A broadband amplifier according to a second aspect of the present invention includes a dual gate transistor having a first gate electrode and a second gate electrode between a drain electrode and a source electrode, and a first gate electrode of the dual gate transistor. A feedback circuit was connected between the drain electrode of the dual-gate transistor and the first gate electrode, and the second gate electrode of the dual-gate transistor was grounded at high frequency.
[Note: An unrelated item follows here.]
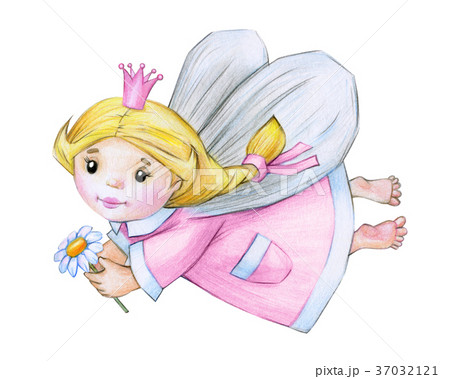 Cute little angel   isolated, hand drawing. 37032121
Since the feedback component due to the feedback capacitance can be released to the ground through the second gate electrode, the frequency characteristics can be improved without affecting the first gate electrode.

[Brief explanation of the drawing]

FIG. 1 is a configuration diagram of a wideband amplification device according to claim 1.

FIG. 2 is a frequency characteristic diagram of the same device and a conventional product.

FIG. 3 is a configuration diagram of a wideband amplification device according to claim 2.

FIG. 4 is a configuration diagram of a conventional wideband amplifier device.

[Explanation of symbols]

101 First transistor 102 Second transistor 141 Gain control power supply 151 Feedback circuit 160 High frequency signal input terminal 161 High frequency signal output terminal 103 Dual gate transistor G1
First gate G2 Second gate 150 Ground

Claims (2)

[Claims] 1. Connecting a drain electrode of a first transistor and a source electrode of a second transistor, and connecting a feedback circuit between a gate electrode of the first transistor and a drain electrode of the second transistor, The gate electrode of the second transistor is grounded at high frequency, the amplified signal is input to the gate electrode of the first transistor, a DC bias voltage for gain determination is applied to the gate electrode of the second transistor, and the second A broadband amplifier that extracts an output signal from the drain electrode of a transistor. [Claim 2] A first electrode between the drain electrode and the source electrode.
a dual gate transistor having a gate electrode and a second gate electrode; a signal to be amplified is input to the first gate electrode of the dual gate transistor; A feedback circuit is connected to the dual gate transistor, the second gate electrode of the dual gate transistor is grounded at high frequency, a DC bias voltage for gain determination is applied to the second gate electrode of the dual gate transistor, and the drain of the dual gate transistor is connected to the feedback circuit. A wideband amplifier that extracts output signals from electrodes.